Did Bauer commit securities fraud by trading on her knowledge, as a participant in directors’ meetings etc, of the severity of Heartland’s liquidity crunch? Under the classical insider trading theory, §10(b) of the pertinent statute is violated “when a corporate insider trades in the securities of his corporation on the basis of material, nonpublic information.” This is a “deceptive device” because it breaches the relationship of trust between shareholders and insiders.
The district court seems to have relied on that notion, writing when it granted summary judgment that “the parties agree that Bauer was an insider at the time of her trade.”
The problem, though, is that in contrast to a typical trade in the stock of a public corporation, a mutual fund redemption is not a transaction between an insider on the one hand and an outsider, a dupe, on the other. No, the counterparty in redemption is by definition to mutual fund itself, an insider as to its own affairs. The fund “cannot be duped by nondisclosure,” the opinion says, so the traditional argument is at best an awkward fit.
The SEC on appeal pressed the more recent alternative theory in insider-trading law, misappropriation, as in the O’Hagan case. Indeed, it pressed this view so exclusively that the appellate court deemed the agency to have “abandoned and forfeited the classical theory as a basis for liability in this case.

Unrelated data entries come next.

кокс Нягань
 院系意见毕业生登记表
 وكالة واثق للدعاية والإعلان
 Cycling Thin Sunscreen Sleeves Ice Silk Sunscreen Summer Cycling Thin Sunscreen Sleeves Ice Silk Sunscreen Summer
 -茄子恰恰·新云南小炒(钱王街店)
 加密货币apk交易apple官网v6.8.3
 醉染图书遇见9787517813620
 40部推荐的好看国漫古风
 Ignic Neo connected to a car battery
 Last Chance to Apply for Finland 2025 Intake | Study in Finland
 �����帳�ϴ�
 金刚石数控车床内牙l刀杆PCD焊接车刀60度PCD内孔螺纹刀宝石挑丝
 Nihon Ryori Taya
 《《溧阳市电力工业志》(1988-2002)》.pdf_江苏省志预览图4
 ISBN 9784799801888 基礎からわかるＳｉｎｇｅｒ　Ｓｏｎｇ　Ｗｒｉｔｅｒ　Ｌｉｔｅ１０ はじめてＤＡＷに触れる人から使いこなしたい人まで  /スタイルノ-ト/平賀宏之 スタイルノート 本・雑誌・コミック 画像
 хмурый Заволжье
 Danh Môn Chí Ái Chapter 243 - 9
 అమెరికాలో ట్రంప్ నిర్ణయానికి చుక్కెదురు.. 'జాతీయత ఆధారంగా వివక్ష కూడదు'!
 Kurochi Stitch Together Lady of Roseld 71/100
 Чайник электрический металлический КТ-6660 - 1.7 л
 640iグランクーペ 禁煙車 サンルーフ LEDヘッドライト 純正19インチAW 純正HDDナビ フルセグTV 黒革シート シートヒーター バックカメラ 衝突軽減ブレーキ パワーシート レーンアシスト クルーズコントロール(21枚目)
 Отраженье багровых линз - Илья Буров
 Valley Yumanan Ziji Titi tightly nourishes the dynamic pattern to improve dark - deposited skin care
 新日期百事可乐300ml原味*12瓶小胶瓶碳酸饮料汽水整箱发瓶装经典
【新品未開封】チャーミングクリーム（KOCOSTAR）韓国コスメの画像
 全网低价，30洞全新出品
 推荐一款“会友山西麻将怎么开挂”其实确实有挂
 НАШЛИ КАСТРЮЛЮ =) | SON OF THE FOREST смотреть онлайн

The misappropriation theory would hold that liability is appropriate because Bauer misappropriated confidential information that she received – at the board of directors’ meeting for example – in breach of a duty owed to the source of that information.
But this theory was never properly presented to the district court, so there is no proper record on appeal. Hence the remand: the SEC can try again. And that will be worth watching.